*What you will do*.
The required output is the stretch from the line containing "Net at Work - blue logo" through the line containing "Пластиковые часы G503C" in the records below, unaltered and with no pictures.

*Entries provided*.
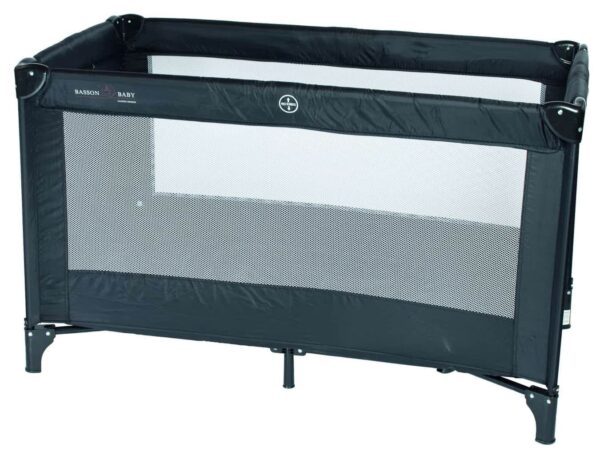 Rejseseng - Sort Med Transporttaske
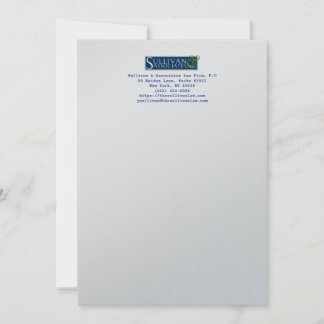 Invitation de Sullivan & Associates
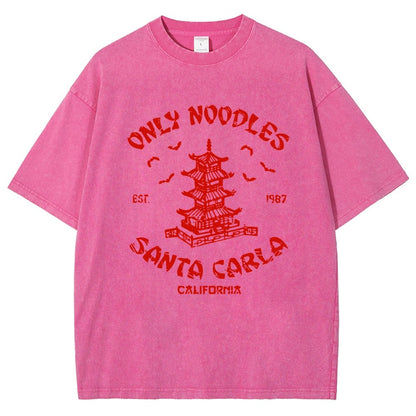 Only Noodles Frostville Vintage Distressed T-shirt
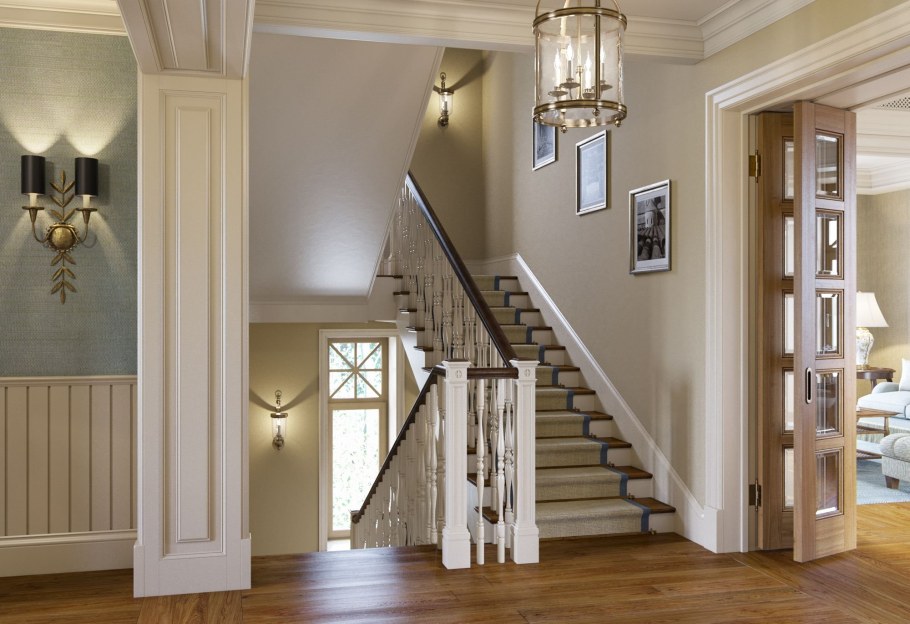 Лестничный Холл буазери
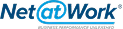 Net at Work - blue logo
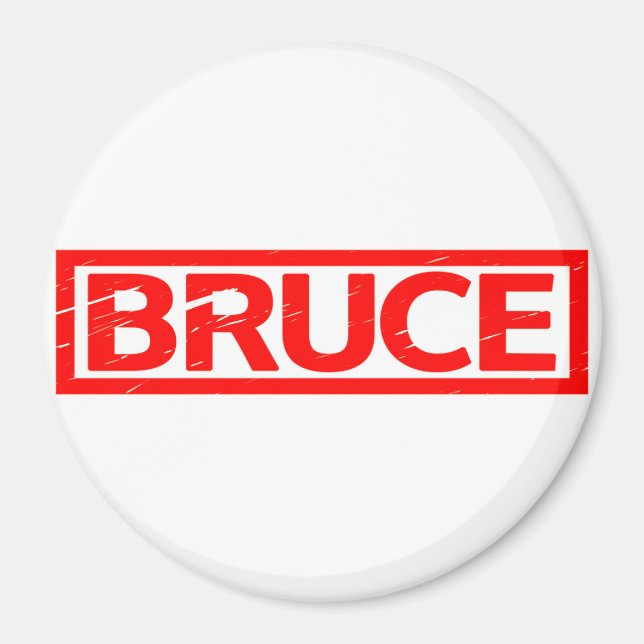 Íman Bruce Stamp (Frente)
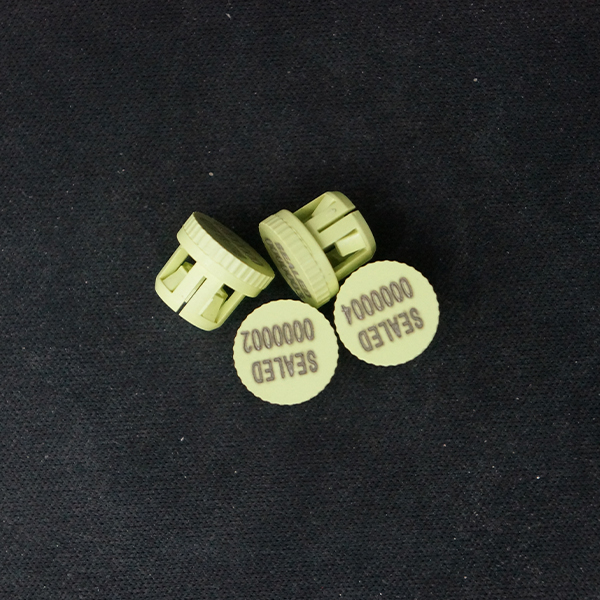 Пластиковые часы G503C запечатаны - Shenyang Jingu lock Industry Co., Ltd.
* * *
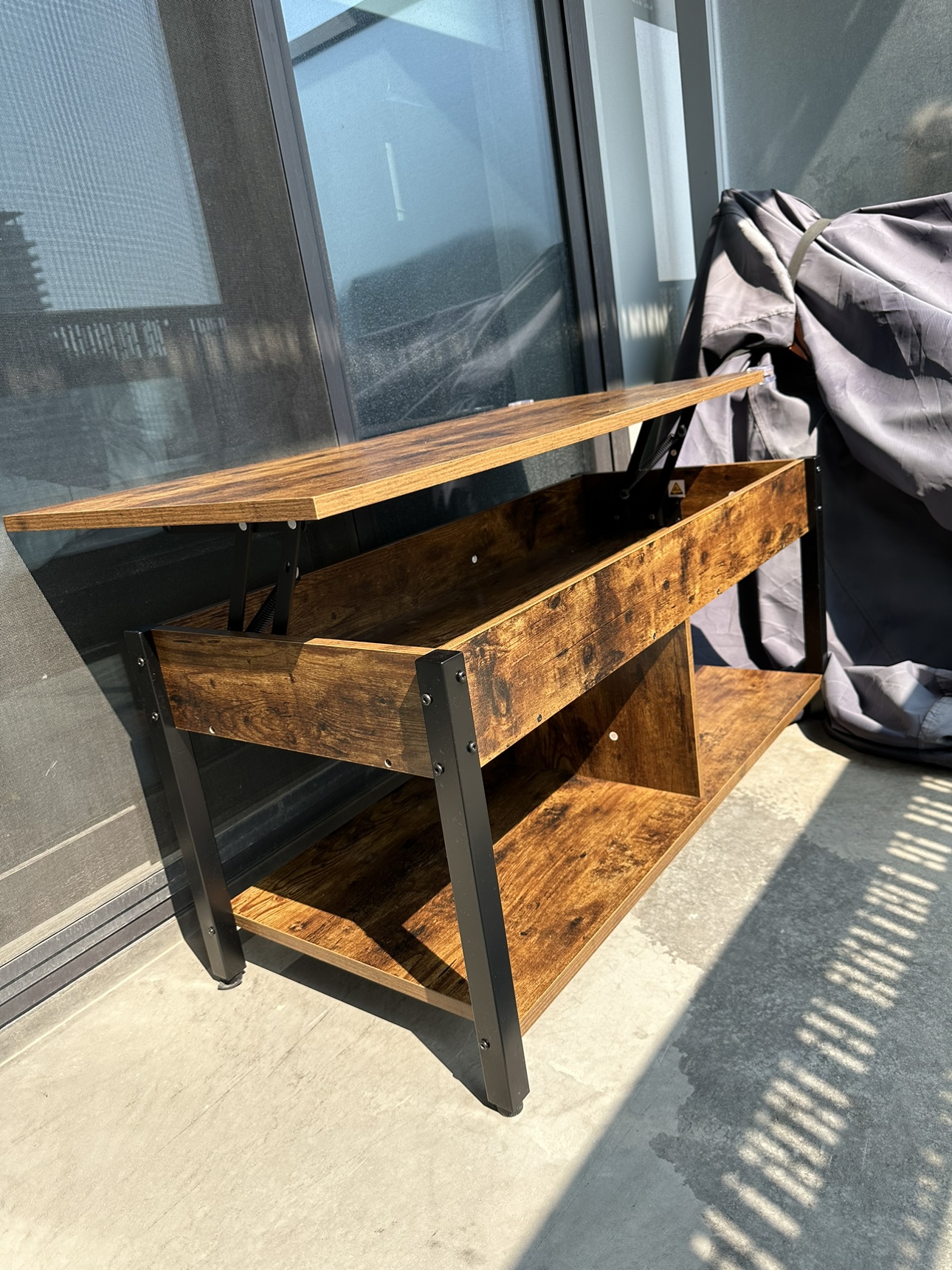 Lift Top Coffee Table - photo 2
...
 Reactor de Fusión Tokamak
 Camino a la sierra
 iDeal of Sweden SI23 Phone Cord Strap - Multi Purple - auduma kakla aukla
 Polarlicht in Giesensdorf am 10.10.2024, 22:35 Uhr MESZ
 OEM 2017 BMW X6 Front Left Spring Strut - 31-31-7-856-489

*Reply to the exercise*.
 Net at Work - blue logo
 Íman Bruce Stamp (Frente)
 Пластиковые часы G503C запечатаны - Shenyang Jingu lock Industry Co., Ltd.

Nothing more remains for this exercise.